A book he authored entitled, The Cost of Discipleship inspired the faith of a generation of Christians. One of the most notable sentences in the book is “The cross is not the terrible end to an otherwise God-fearing and happy life, but it meets us at the beginning of our communion with Christ. When Christ calls a man, he bids him come and die.” John Piper has noted that “Fleeing from death is the shortest path to a wasted life.” If you only do what will keep you the safest and most secure, your priorities are misaligned.
Bonhoeffer’s book refuted the concept of what he termed “cheap grace.” His observation was that in both America and Europe the Christian church was counting the grace of God as a common thing. In other words any sense of “awe” surrounding God was severely diminished. He believed that a true encounter with a justifying faith would not leave a person the same, but would radically change them. He believed churches were offering, even encouraging people to make “cheap” responses to the Gospel which cost nothing and were worth nothing.

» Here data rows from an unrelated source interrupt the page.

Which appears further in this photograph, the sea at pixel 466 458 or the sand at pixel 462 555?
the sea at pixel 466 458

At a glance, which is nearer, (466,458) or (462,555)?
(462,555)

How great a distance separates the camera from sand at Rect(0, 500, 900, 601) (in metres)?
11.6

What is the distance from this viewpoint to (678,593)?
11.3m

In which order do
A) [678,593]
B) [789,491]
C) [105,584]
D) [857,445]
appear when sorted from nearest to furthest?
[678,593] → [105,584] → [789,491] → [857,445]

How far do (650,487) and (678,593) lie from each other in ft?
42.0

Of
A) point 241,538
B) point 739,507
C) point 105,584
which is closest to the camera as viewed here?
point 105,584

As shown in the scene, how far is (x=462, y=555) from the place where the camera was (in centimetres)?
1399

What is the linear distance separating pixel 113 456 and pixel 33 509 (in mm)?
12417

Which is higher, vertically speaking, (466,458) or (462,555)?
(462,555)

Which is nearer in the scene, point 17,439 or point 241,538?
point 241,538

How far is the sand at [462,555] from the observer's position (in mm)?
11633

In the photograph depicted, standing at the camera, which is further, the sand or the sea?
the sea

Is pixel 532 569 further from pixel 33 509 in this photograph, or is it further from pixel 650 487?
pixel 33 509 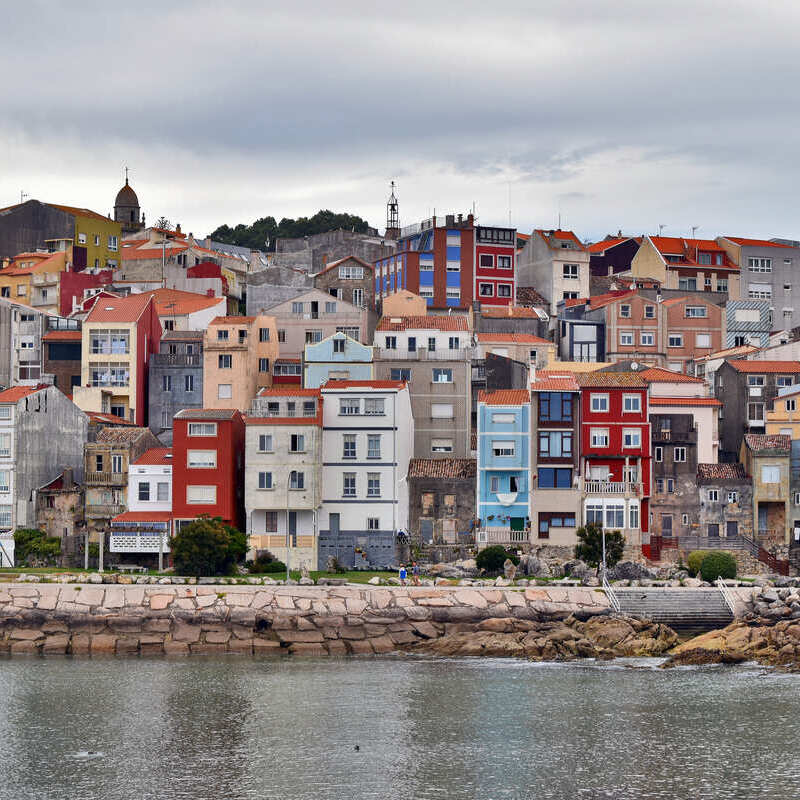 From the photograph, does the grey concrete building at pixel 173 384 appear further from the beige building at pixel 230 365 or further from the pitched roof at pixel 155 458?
the pitched roof at pixel 155 458

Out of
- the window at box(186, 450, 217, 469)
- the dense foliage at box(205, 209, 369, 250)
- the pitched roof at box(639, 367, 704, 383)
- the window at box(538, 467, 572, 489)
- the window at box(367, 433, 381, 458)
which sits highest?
the dense foliage at box(205, 209, 369, 250)

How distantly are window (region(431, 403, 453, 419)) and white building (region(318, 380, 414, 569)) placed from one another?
793cm

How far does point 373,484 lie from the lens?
292 ft

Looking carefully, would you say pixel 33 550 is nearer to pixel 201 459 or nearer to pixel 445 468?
pixel 201 459

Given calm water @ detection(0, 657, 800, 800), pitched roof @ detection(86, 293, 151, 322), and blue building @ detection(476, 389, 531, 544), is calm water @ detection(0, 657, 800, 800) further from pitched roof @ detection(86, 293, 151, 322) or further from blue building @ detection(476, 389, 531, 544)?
pitched roof @ detection(86, 293, 151, 322)

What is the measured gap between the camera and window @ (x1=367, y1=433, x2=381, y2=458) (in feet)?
293

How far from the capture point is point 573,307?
124 metres

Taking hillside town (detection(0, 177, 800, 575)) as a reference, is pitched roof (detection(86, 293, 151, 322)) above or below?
above

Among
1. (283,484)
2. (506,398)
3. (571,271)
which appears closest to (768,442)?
(506,398)

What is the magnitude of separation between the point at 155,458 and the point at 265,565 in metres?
10.2

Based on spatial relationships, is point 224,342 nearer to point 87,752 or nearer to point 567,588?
point 567,588

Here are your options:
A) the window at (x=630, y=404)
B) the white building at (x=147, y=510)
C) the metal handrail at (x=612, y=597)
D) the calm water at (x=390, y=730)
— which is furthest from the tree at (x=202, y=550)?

One need not look far to see illustrations of what Bonhoeffer identified. We have churches with memberships 3, 4, 5, 6, 7 times or more their actual attendance. Sunday School classes with enrollments of 2 or 3 times or more the number which comes, tithing only being done by one quarter of the church or less – often much less. We have churches full of people who have never led another person to Christ, we go weeks, months, or even years without a baptism, we struggle to get volunteers for the nursery, people to work with children and youth, we struggle to get anyone involved in out-reach, we struggle to get teachers to adequately prepare their lessons, to get deacons to actually do the work of New Testament deacons, people to tolerate a service lasting much over an hour without looking at their watches, people missing several weeks at a time, not willing to do anything in the church, for the church, or with the church.

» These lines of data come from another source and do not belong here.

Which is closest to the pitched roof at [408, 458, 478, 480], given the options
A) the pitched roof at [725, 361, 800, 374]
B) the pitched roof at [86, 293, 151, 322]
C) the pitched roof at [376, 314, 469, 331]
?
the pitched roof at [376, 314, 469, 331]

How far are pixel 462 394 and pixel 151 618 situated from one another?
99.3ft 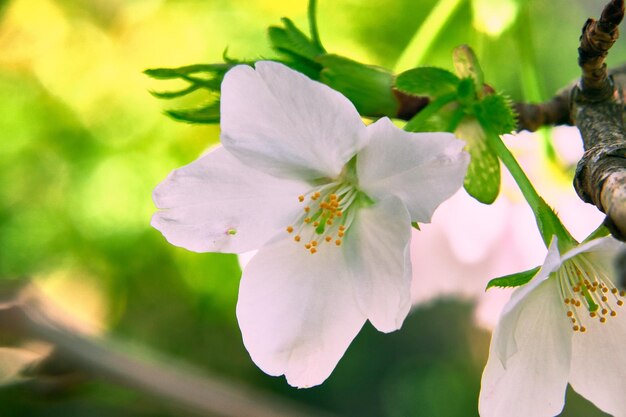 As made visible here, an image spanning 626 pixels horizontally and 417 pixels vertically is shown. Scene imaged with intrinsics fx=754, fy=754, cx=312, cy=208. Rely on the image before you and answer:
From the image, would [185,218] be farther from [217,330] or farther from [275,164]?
[217,330]

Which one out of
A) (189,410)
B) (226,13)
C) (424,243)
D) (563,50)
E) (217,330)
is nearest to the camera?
(189,410)

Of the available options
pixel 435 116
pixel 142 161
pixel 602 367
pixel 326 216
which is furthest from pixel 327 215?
pixel 142 161

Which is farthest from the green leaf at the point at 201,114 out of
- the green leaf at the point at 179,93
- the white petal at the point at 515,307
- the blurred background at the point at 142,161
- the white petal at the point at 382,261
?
the blurred background at the point at 142,161

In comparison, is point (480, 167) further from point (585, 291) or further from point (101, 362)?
point (101, 362)

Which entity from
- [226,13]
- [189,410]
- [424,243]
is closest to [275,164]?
[189,410]

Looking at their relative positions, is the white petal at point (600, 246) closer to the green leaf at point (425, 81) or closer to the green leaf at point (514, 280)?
the green leaf at point (514, 280)

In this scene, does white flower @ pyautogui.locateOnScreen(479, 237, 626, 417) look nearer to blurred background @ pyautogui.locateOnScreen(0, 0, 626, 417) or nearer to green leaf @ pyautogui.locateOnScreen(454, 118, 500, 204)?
green leaf @ pyautogui.locateOnScreen(454, 118, 500, 204)

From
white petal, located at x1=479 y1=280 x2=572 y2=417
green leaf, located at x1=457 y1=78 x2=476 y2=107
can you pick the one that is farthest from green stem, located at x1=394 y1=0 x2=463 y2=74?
white petal, located at x1=479 y1=280 x2=572 y2=417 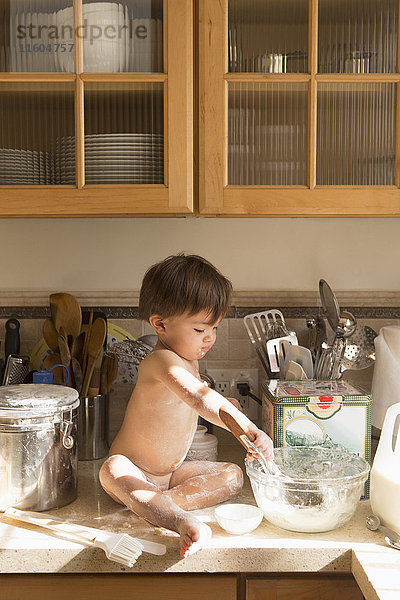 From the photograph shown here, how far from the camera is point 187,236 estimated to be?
1.87 metres

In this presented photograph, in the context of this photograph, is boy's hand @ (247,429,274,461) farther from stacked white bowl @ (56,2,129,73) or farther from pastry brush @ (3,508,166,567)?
stacked white bowl @ (56,2,129,73)

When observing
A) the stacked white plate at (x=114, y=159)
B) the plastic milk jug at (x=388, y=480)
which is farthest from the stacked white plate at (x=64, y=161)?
the plastic milk jug at (x=388, y=480)

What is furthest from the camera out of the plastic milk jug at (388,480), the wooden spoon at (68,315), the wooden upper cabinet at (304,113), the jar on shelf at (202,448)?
the wooden spoon at (68,315)

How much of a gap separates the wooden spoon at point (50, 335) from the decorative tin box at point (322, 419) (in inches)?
24.6

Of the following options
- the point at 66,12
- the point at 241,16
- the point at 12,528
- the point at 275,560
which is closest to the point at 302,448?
the point at 275,560

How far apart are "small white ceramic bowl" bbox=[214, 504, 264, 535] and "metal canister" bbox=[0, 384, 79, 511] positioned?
338 mm

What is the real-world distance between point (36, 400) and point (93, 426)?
12.5 inches

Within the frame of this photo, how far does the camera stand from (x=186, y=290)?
1403mm

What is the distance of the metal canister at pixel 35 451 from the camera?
1.33 metres

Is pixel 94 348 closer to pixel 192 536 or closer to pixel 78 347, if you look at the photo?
pixel 78 347

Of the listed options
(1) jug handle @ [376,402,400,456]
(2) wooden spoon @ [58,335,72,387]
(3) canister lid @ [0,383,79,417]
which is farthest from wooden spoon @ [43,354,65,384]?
(1) jug handle @ [376,402,400,456]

We struggle to understand little Johnny, who is now 34, who has been married and divorced twice and is now living with his latest love interest outside marriage, smokes pot, drinks heavily, looks at internet porn, and cusses like a sailor. The reason we struggle is that we know he is a Christian. The older folks at church remember when Johnny came forward with the other kids at Vacation Bible School about 25 years ago. Johnny was even baptized, but quickly drifted away from the church.

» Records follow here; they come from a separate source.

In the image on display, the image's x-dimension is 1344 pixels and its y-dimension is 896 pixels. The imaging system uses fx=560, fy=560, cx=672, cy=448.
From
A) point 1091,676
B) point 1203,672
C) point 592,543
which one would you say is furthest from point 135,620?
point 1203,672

What is the problem here? Well, even though some well intentioned individual coaxed Johnny and the other kids at VBS to raise their hands and come forward Johnny’s “decision” was completely the fruit of manipulation rather than conversion. If you work at it long enough and hard enough, you can talk someone into almost anything, especially children. Salesmen have been honing their techniques for decades. Every day, salesmen sell, and people buy things they do no want or need, because they have been manipulated into “buying.”
Bonhoeffer believed justification is by grace through faith. He did not believe that the faith that justified could ever leave a person “unchanged.” The change was far beyond what could be accomplished merely through manipulation. The concept of being an “unchanged” Christian was unimaginable. It was a clear contradiction. It was simply untrue. This was the “cheap” response to the Gospel. He wrote, “The only man, who has the right to say that he is justified by grace alone is the man who has left all to follow Christ.”
It is a great travesty when people, of any age, are manipulated in order to produce pseudo-conversions, which of course are not conversions at all. When someone responds to the “mechanism” of salvation man has invented (i.e. walking an aisle, praying a prayer, signing a card, etc.) we actually erect yet another barrier for that person to actually come to Christ! Now we not only have a mere lost person, but we also have a lost person who believes he is saved because he has done what he was told one needs to do to become a Christian! Sadly, there will come a day when many prayer-prayed, aisle walked, baptized people find themselves in hell. They will be there because they failed to do what the Bible actually teaches they must do – turn from their sins and embrace Jesus Christ as Lord and Savior of their lives. John MacArthur has written, “The only reliable evidence of a person’s being saved is not a past experience of receiving Christ, but a present life that reflects Christ.”
In far too many ways the grace of God had been cheapened in Bonhoeffer’s day. In the 65 years which have followed since his death, how much more has the precious Gospel of Jesus Christ been cheapened? The Gospel he saw as cheapened would hardly be recognizable today by him. Sad but true. Believers, and the churches they comprise must get into the New Testament and really take a look at what Jesus required of those who would follow Him and then not accept anything less!